Leitner now believes the only facility in the state capable of offering all the amenities required by her group is the U.S. Postal Service’s National Center for Employee Development (NCED), located in Norman, Okla.
“I was used to dealing with hotels that didn’t have staff on-site to help with all the audiovisual needs, where you had to contract with someone else to get those needs met,” said Leitner. She also believes on-site coordinators are integral to the success of her training programs since she has few staff planners. “You just didn’t get the kind of support from other facilities as you get from NCED. So it’s been a wonderful thing, as far as we’re concerned, to have the level of support you can get.”

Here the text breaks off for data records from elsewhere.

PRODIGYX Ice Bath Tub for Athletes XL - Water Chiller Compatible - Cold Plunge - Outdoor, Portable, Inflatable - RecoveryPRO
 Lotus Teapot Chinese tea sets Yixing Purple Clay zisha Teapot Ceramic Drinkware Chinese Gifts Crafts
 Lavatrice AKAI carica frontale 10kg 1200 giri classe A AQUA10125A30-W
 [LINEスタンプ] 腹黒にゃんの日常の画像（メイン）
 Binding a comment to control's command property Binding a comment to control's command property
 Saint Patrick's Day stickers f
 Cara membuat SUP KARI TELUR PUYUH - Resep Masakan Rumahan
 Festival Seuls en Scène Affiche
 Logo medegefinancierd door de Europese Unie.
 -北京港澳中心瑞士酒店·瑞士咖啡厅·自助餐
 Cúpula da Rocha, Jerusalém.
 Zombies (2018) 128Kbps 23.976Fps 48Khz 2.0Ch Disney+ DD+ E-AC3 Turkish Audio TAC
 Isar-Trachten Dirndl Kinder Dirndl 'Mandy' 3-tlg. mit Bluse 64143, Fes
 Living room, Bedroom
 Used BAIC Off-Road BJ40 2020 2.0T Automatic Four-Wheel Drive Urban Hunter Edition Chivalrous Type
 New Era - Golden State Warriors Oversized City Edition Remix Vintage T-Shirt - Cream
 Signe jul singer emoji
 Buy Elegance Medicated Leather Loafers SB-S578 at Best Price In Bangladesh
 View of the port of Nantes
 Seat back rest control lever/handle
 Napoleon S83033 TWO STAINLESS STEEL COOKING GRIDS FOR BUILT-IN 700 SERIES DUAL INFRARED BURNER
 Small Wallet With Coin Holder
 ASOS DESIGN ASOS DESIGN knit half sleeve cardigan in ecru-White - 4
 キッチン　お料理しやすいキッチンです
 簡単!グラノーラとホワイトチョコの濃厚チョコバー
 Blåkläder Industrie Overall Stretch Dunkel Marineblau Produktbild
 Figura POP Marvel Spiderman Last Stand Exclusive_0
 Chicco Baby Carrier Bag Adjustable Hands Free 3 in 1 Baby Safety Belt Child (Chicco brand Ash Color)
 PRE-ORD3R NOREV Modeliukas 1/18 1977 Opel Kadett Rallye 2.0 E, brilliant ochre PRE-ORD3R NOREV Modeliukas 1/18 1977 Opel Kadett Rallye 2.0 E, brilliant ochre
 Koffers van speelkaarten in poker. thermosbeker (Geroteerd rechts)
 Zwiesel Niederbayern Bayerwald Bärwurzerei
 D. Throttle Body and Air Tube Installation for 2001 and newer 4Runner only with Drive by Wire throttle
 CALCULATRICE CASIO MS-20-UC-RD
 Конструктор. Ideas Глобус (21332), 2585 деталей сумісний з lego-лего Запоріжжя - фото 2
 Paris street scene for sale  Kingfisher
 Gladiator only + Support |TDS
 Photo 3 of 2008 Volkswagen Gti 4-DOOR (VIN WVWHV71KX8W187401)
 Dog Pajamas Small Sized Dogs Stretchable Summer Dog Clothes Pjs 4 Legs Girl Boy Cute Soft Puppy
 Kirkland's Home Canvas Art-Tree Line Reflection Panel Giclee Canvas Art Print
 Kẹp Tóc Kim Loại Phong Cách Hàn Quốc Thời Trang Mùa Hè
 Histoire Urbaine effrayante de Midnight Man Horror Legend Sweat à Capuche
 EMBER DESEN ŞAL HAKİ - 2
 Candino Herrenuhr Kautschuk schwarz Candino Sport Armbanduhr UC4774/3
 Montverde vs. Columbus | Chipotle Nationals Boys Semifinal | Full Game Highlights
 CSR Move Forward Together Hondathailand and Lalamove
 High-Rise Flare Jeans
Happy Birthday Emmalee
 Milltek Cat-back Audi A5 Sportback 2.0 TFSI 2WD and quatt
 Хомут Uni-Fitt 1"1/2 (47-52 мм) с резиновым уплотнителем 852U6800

Steve Mosier, executive manager of NCED, believes attendees of the ODAS training get the biggest benefits. “You’re away from your home office,” said Mosier. “You can really get focused on your conference event, your learning event, and you don’t have all those disruptions that you have at your home office. And you get an opportunity to focus on networking, both within your group and with people from other organizations or other agencies. That gives you a venue to find out about best practices from other places and to take those best practices home and adapt them for yourself.”
The training programs hosted at NCED also contribute to the Postal Service’s employee development goals. William Stefl, manager of employee development and chief learning officer for the Postal Service, explains the beneficial relationship the Postal Service shares with external clients, such as the ODAS. “One real advantage when we have a client who uses the facility to a great extent is that we are able to learn from them,” said Stefl. “We pick up techniques as we’re invited to audit or sit in on what they’re doing to better develop training opportunities for the Postal Service.”
Leitner believes the facility an organization chooses for training can make or break a training experience. “First, the facility and then second, the support staff you get there,” said Leitner about the needs for enhancing a training experience. “The facility has got to meet your needs, and NCED certainly well meets ours. We think learning takes place best in a facility where there are as few worries as possible.”
NCED is Leitner’s choice for off-site training facilities, “as long as I’m the director here and we can afford it,” she said. “With the budget crunch right now, we have to sometimes pare things down, but as long as we can afford to be there, we’re going to be.”